▸ **EXERCISE REQUIREMENTS**
Skip the pictures. Retype exactly, and only, the lines between the line holding "Outdoor Patio Rug Beige Cream Lines" and the last line below, inclusive.

▸ **MATERIAL PROVIDED**

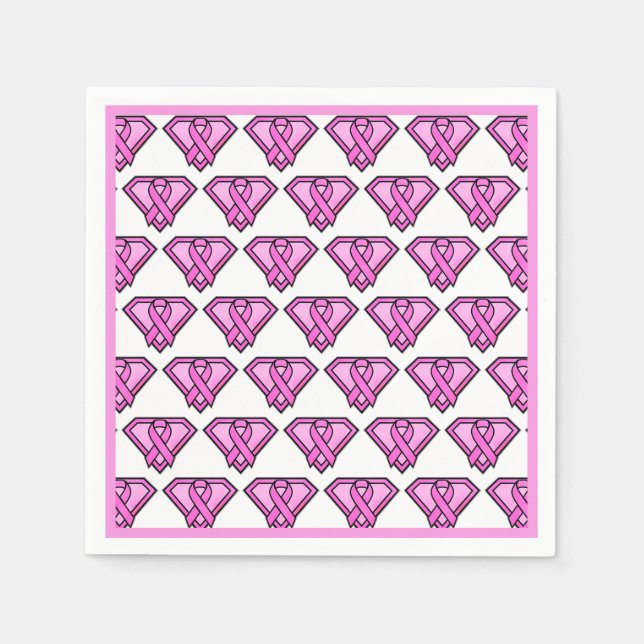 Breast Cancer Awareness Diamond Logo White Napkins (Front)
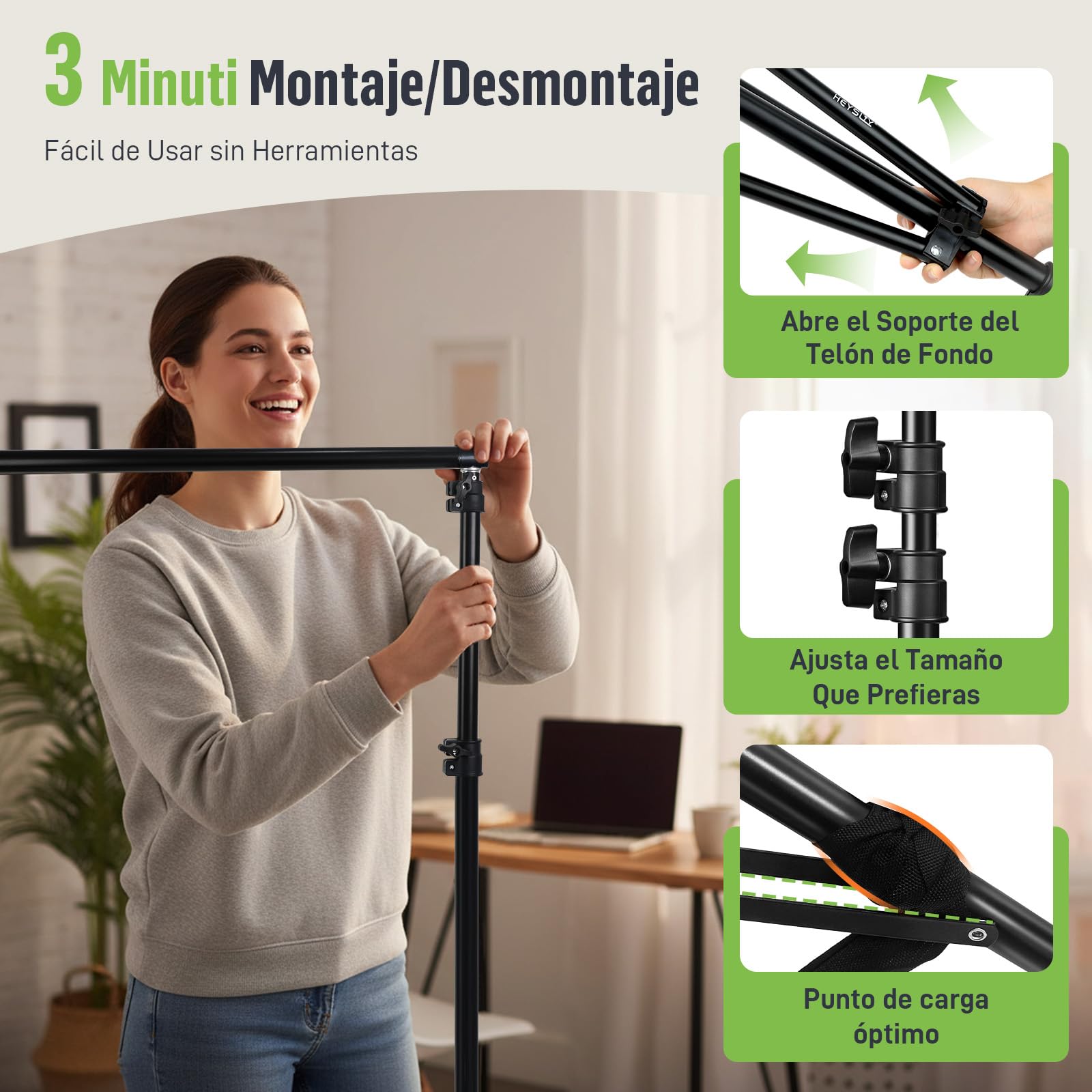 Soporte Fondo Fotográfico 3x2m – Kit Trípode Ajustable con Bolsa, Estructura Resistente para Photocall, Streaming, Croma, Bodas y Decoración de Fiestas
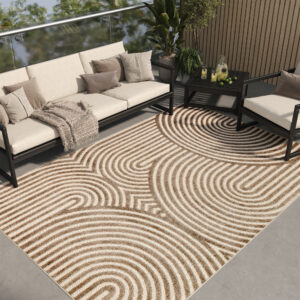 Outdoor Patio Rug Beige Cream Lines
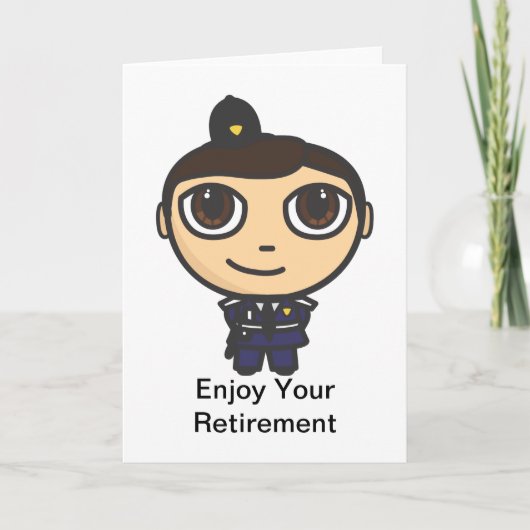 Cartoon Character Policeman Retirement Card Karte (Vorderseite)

▸ **RESULT FOR THIS EXERCISE**
 Outdoor Patio Rug Beige Cream Lines
 Cartoon Character Policeman Retirement Card Karte (Vorderseite)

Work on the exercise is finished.